Pasal 20 ayat 14 Kompilasi Hukum Ekonomi Syariah (KHES) mendefinisikan bahwa rahn/gadai adalah penguasaan barang milik peminjam oleh pemberi pinjaman sebagai jaminan.

Dari berbagai definisi yang telah dipaparkan di atas, maka dapat disimpulkan bahwa Rahn adalah suatu jaminan yang diserahkan oleh pihak yang berhutang kepada pihak yang memberi hutang. Dan apabila pihak yang telah berhutang tidak mampu membayar hutangnya sesuai dengan waktu yang telah ditentukan atau sudah jatuh tempo, maka pihak yang memberi hutang mempunyai kuasa penuh untuk menjual barang jaminan tersebut. Jika barang jaminan yang telah di jual melebihi jumlah hutang, maka sisanya harus dikembalikan kepada penghutang, namun jika kurang maka pihak penghutang harus menambahinya.

 

B.    DASAR HUKUM RAHN

اْلأَصْلُ فِي الشُّرُوْطِ فِي الْمُعَامَلاَتِ الْحِلُّ وَالْإِبَاحَةُ إِلاَّ بِدَلِيْلٍ

“Hukum asal menetapkan syarat dalam mu’âmalah adalah halal dan diperbolehkan
kecuali ada dalil (yang melarangnya).

Berdasarkan dail Al-Qur’an yaitu terdapat dalam surah al-Baqarah ayat 283 di bawah ini:

وَإِنْ كُنْتُمْ عَلٰى سَفَرٍ وَّلَمْ تَجِدُوْا كَاتِبًا فَرِهٰنٌ مَّقْبُوْضَةٌۗ فَإِنْ أَمِنَ بَعْضُكُمْ بَعْضًا فَلْيُؤَدِّ الَّذِى اؤْتُمِنَ أَمَانَتَهٗ وَلْيَتَّقِ اللّٰهَ رَبَّهٗۗ وَلَا تَكْتُمُوا الشَّهَادَةَۗ وَمَنْ يَكْتُمْهَا فَإِنَّهٗ اٰثِمٌ قَلْبُهٗۗ وَاللّٰهُ بِمَا تَعْمَلُوْنَ عَلِيْمٌ ؑ

Dan jika kamu dalam perjalanan sedang kamu tidak mendapatkan seorang penulis, maka hendaklah ada barang jaminan yang dipegang. Tetapi, jika sebagian kamu mempercayai sebagian yang lain, hendaklah yang dipercayai itu menunaikan amanatnya (utangnya) dan hendaklah dia bertakwa kepada Allah, Tuhannya. Dan janganlah kamu menyembunyikan kesaksian, karena barang siapa menyembunyikannya, sungguh, hatinya kotor (berdosa). Allah Maha Mengetahui apa yang kamu kerjakan.

 

          Dalam surah al-Mudatsir ayat 38:

كُلُّ نَفْسٍ بِمَا كَسَبَتْ رَهِينَةٌ

Tiap-tiap diri bertanggung jawab atas apa yang telah diperbuatnya

          Sedangkan dalam Hadis yang diriwayatkan oleh Bukhari dan Muslim dari Aisyah binti Abu Bakar yaitu:

أَنَّ النَّبِيَّ صَلَّى اللَّهُ عَلَيْهِ وَسَلَّمَ اشْتَرَى طَعَامًا مِنْ يَهُودِيٍّ إِلَى أَجَلٍ وَرَهَنَهُ دِرْعًا مِنْ حَدِيدٍ

Sesungguhnya, Nabi shallallahu ‘alaihi wa sallam membeli bahan makanan dari seorang yahudi dengan cara berutang, dan beliau menggadaikan baju besinya.” (Hr. Al-Bukhari no. 2513 dan Muslim no. 1603)

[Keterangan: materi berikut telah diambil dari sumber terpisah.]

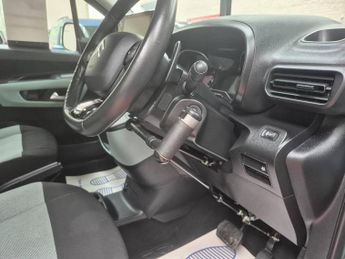 Citroen Berlingo WHEELCHAIR ACCESSIBLE 1.5 BlueHDi 130 Feel M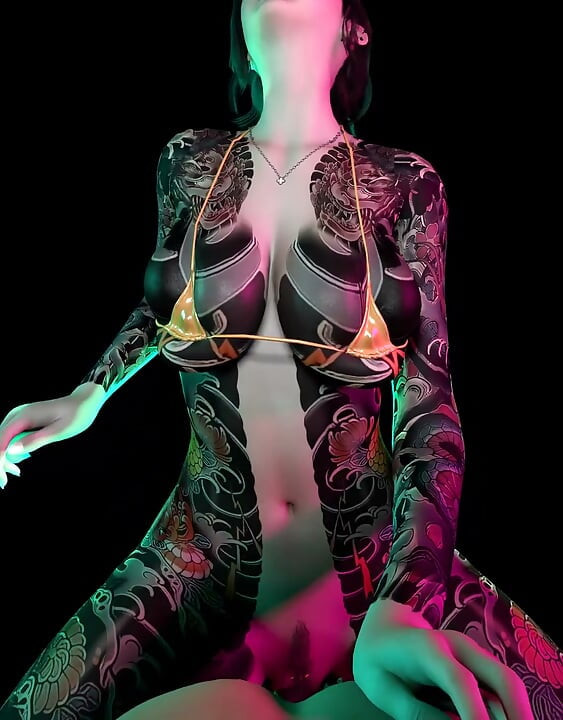 Yakuza Girl Lap Dance 2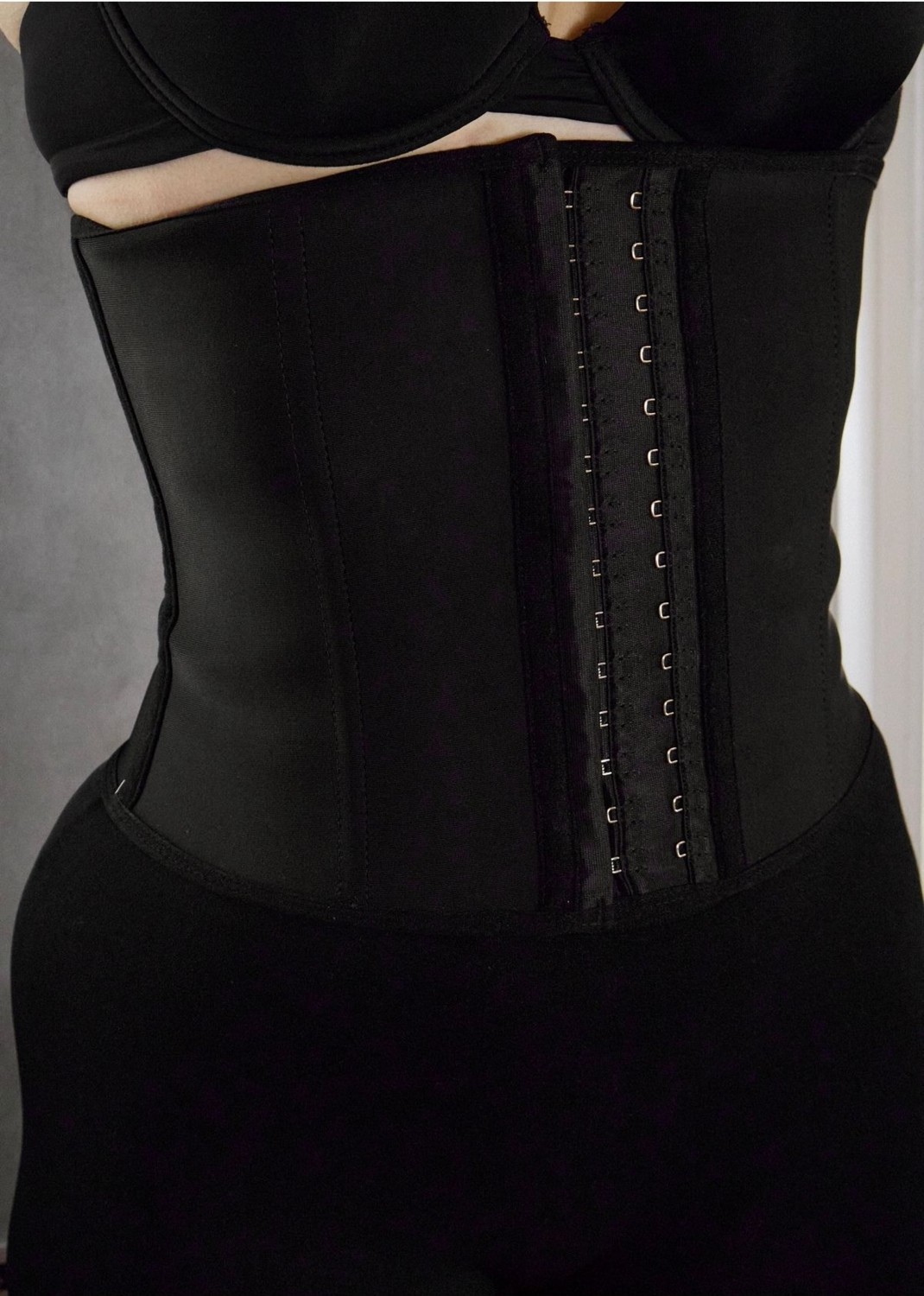 Yamuna Kısa Latex Korse Siyah görsel 2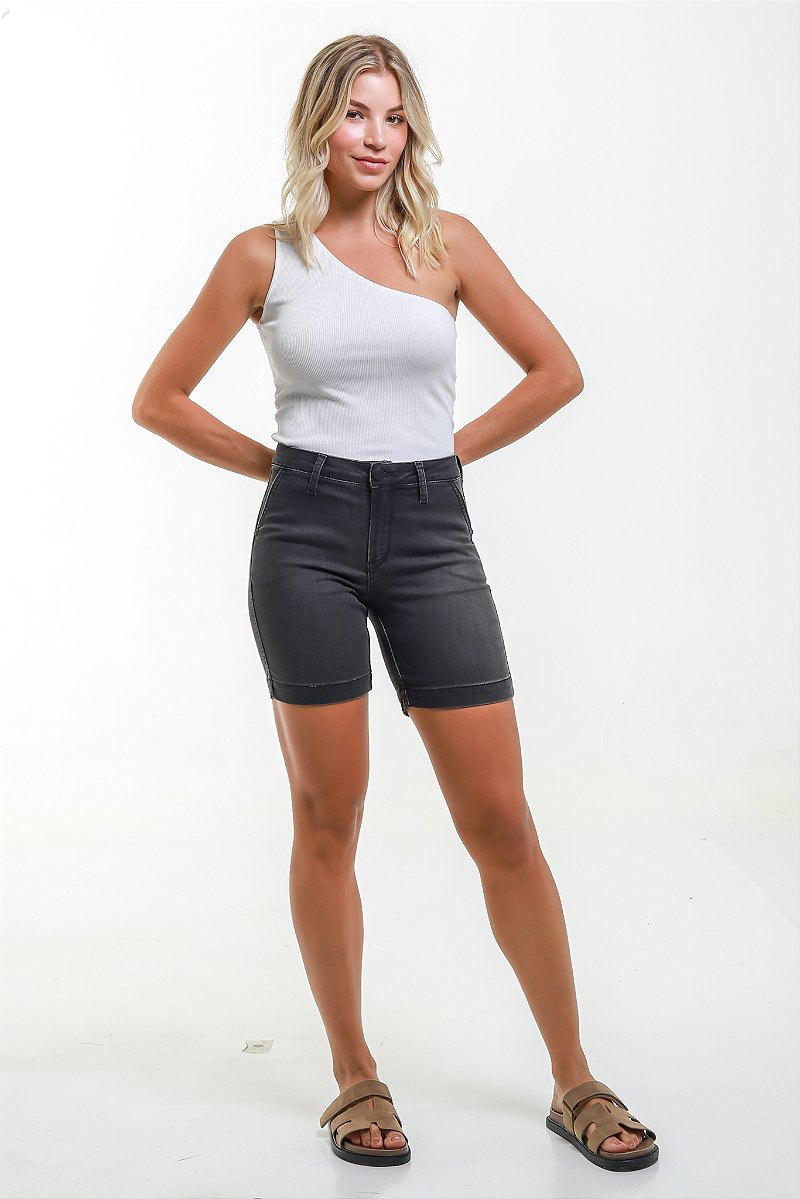 Bermuda Jeans Preta - Del Carmen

          Dengan demikian, berdasarkan kesepakatan maka hokum rahn adalah mubah atau boleh. Hal ini didasarkan dari dalil-dalil Allah yang terdapat di dalam Al-Qur’an dan ada pula berdasarkan Hadis.

 

C.    RUKUN DAN SYARAT RAHN

Rukun rahn terdiri dari pemberi gadai (Rahn), penerima gadai (murtahin), barang jaminan (marhun), hutang (marhun bihi) dan shigat (ijab dan qabul). Sedangkan menurut Hanafiyah, rukun rahn adalah ijab dan Kabul dari rahin dan murtahin.

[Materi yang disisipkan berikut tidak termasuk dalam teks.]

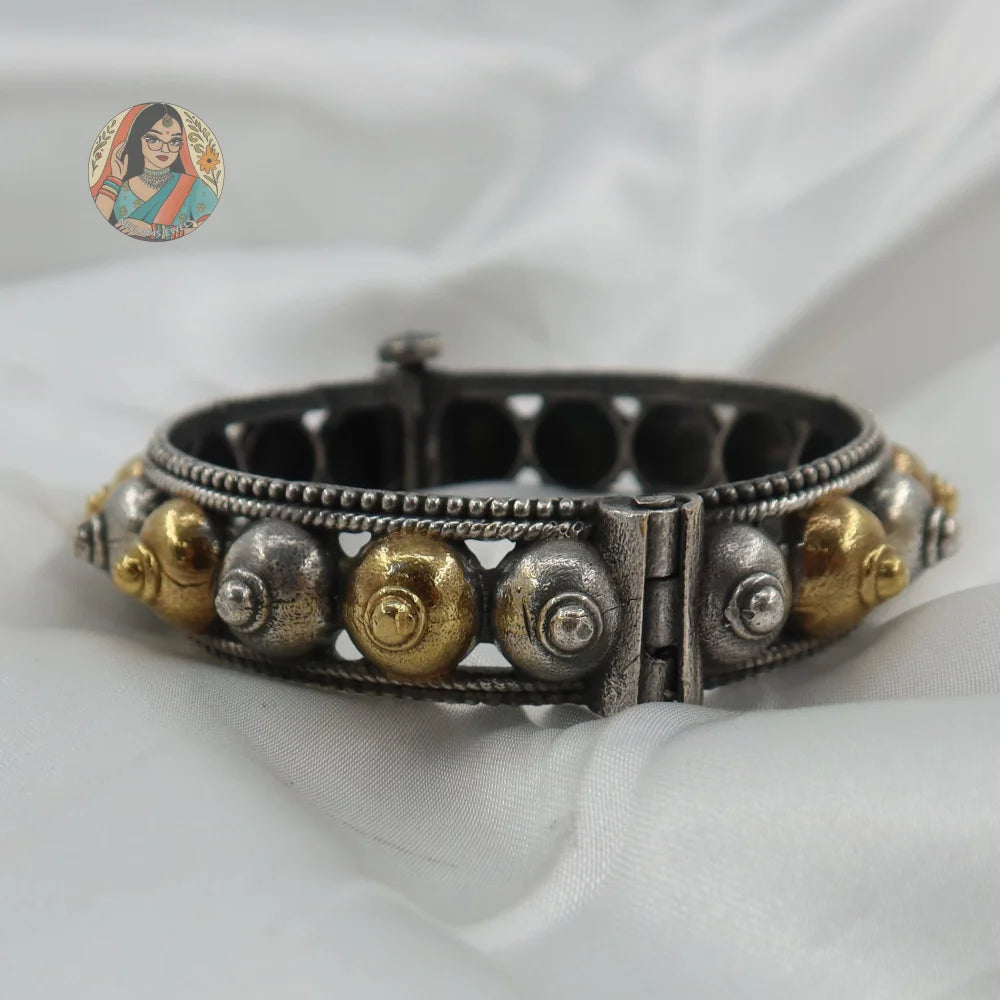 Dhara Silver Oxidized Bangle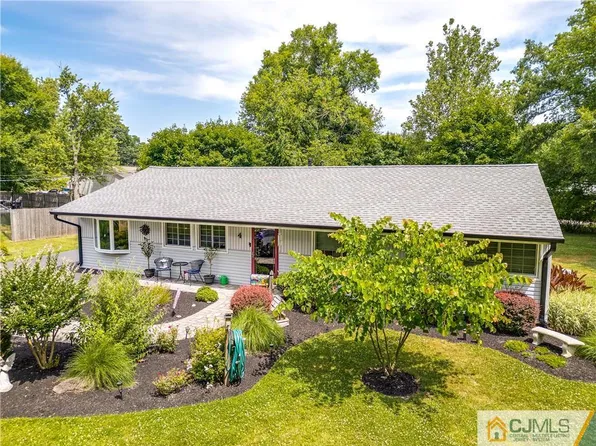 4 Aldrich Rd S, Kendall Park, NJ 08824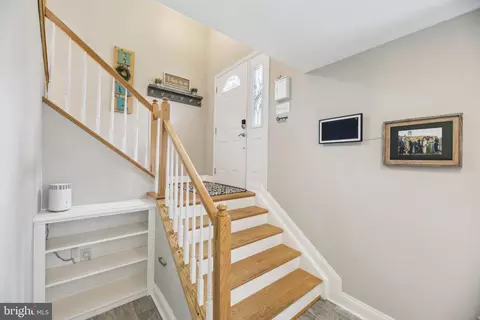 7925 Belhaven Ave, Pasadena, MD 21122 photo 4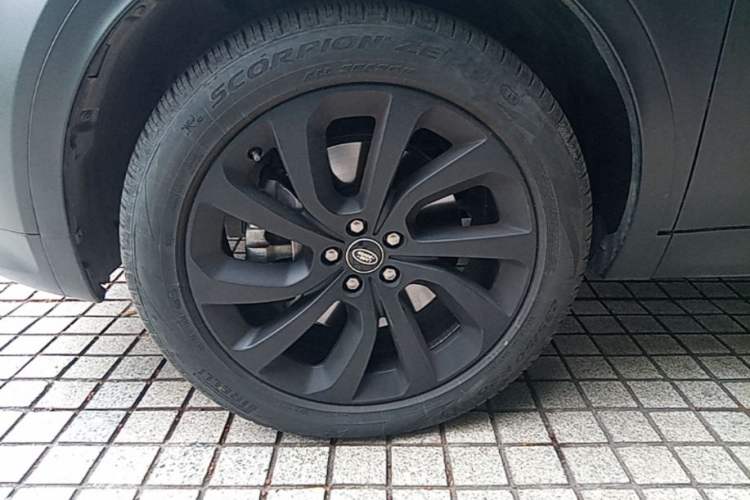 Used Land Rover Discovery Sport 2020 249 PS R-Dynamic Performance Edition Left Front Wheel Hub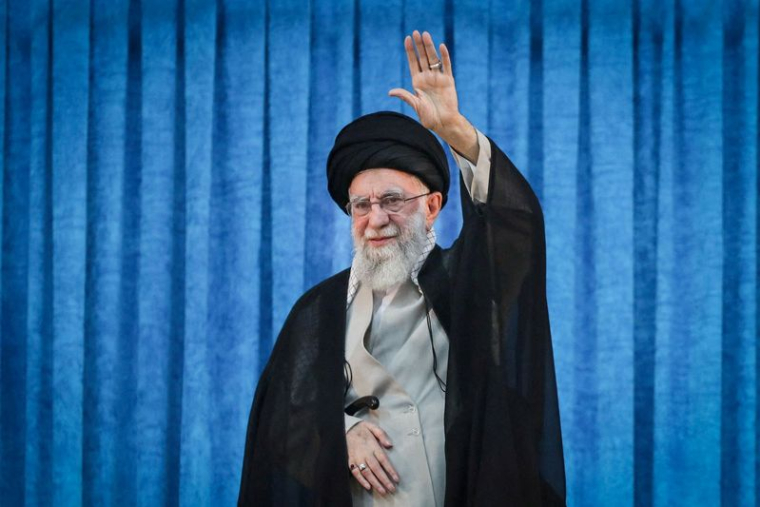 Photo d'Ali Khamenei lors du 36e anniversaire de la mort de Khomeini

Di setiap rukun-rukun yang ada terdapat pula syarat-syarat yang harus terpenuhi. Mengenai syarat bagi pihak yang berakad sama dengan syarat akad pada umumnya yaitu para pihak yang berijab Kabul adalah pihak yang berakal, sudah baligh, tidak dalam paksaan atau tidak terpaksa. Dalam pasal 330 KHES juga disebutkan bahwa pihak yang melakukan akad adalah pihak yang cakap hukum.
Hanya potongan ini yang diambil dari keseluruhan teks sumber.